__TASK TO COMPLETE__
Please reproduce the records exactly, leaving out any pictures.

__DATA FOR REVIEW__

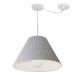 Pendente Cone Com Desvio Md-4273 Cúpula Tecido 21/30x40cm Rústico Cinza - Bivolt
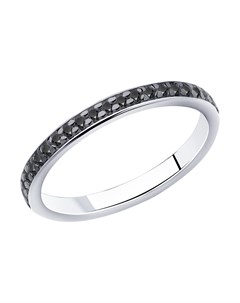 Серебряное кольцо с чёрными фианитами Sokolov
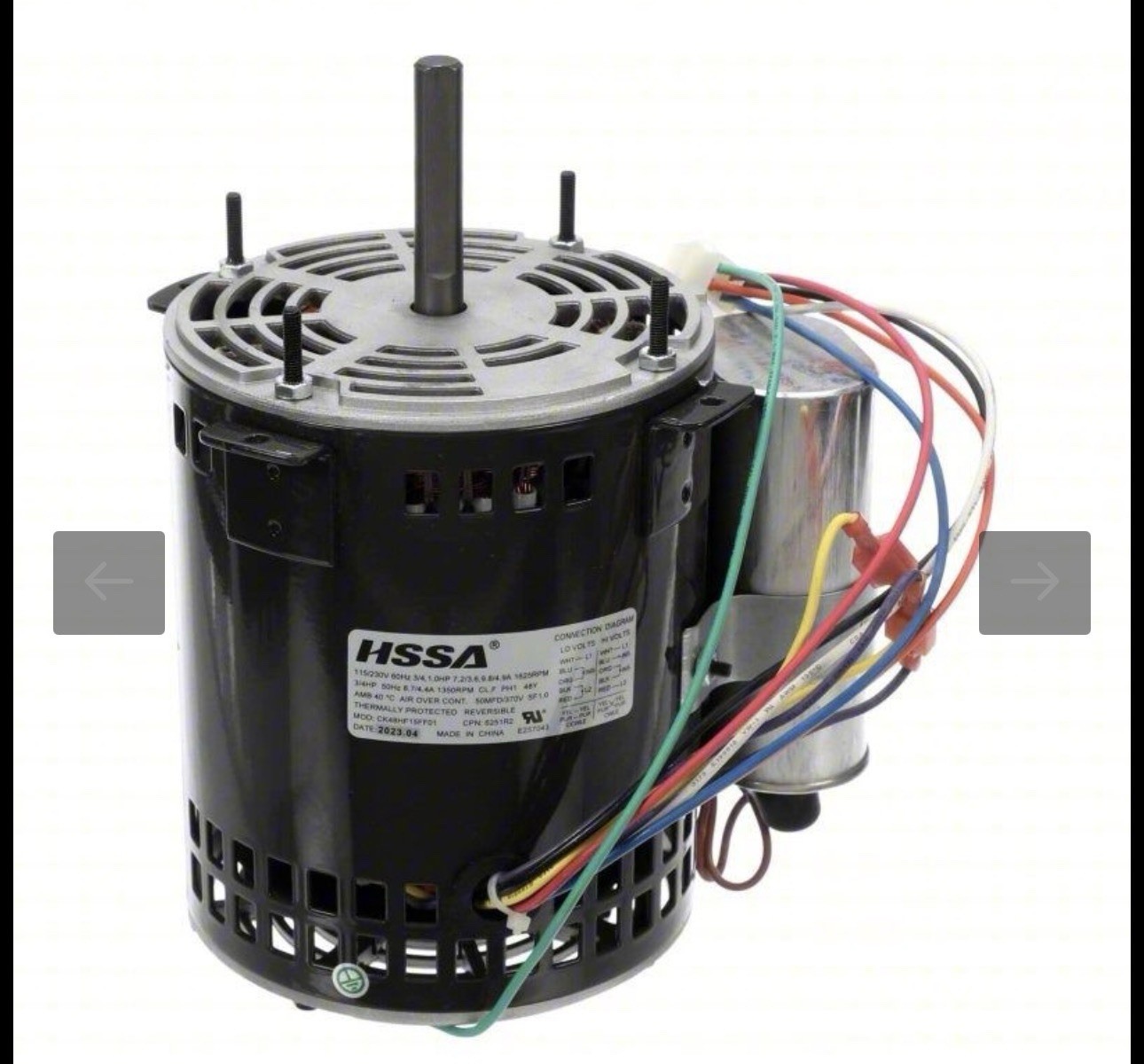CAPTIVE-AIRE Motor 3/4 HP 1625 Rpm CAPTIVE-AIRE Motor 3/4 HP 1625 Rpm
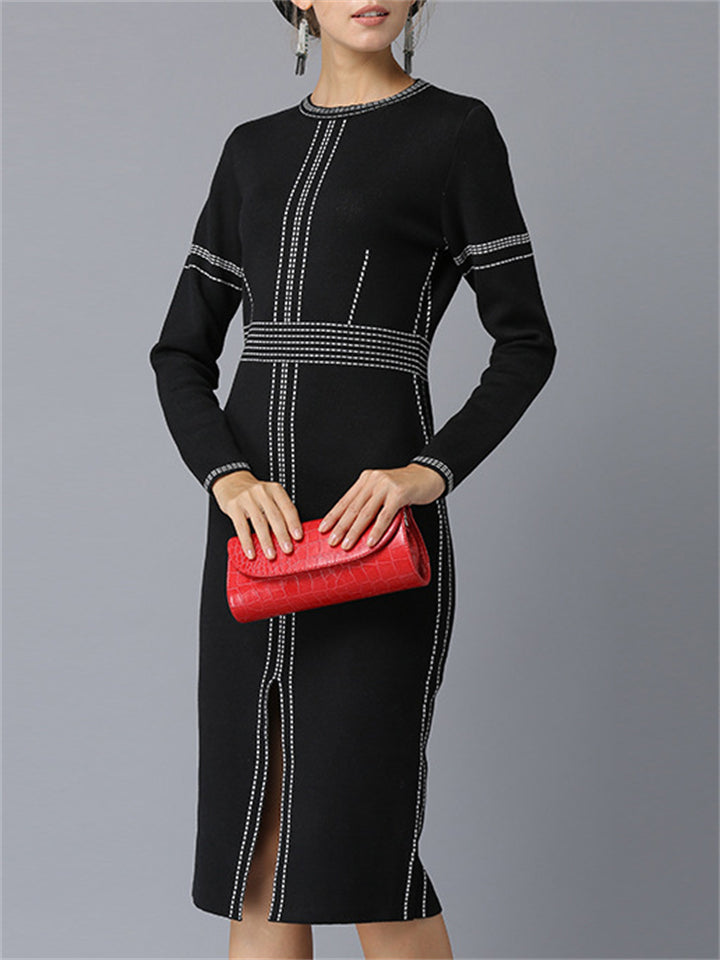 Classy Slimming Knit Skinny Mid Length Hip Dresses For Women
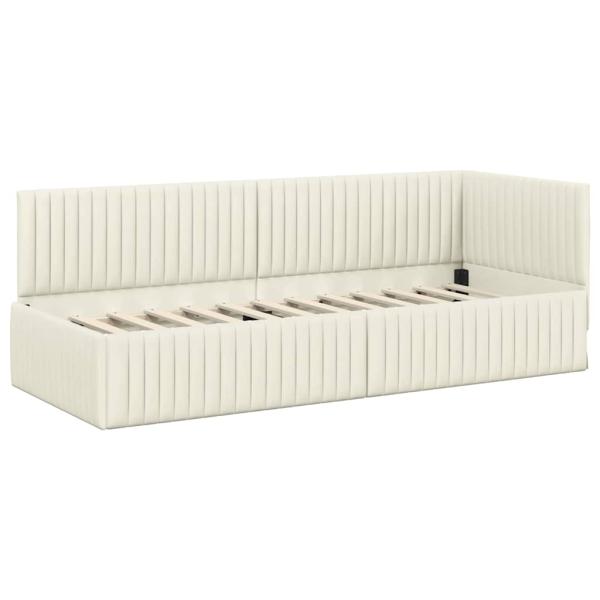 Eckbettgestell mit Kopfteil Creme 80 x 200 cm Samt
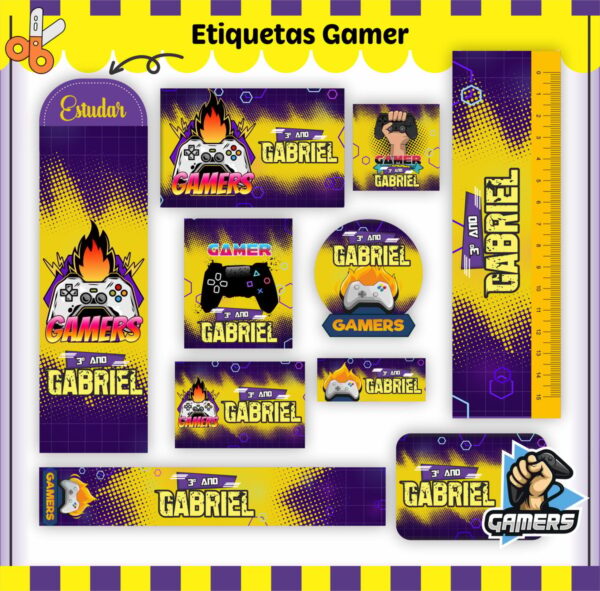 Kit Escolar Gamer - Arquivo Digital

__RESULT FOR THIS EXERCISE__
 Pendente Cone Com Desvio Md-4273 Cúpula Tecido 21/30x40cm Rústico Cinza - Bivolt
 Серебряное кольцо с чёрными фианитами Sokolov
CAPTIVE-AIRE Motor 3/4 HP 1625 Rpm CAPTIVE-AIRE Motor 3/4 HP 1625 Rpm
 Classy Slimming Knit Skinny Mid Length Hip Dresses For Women
 Eckbettgestell mit Kopfteil Creme 80 x 200 cm Samt
 Kit Escolar Gamer - Arquivo Digital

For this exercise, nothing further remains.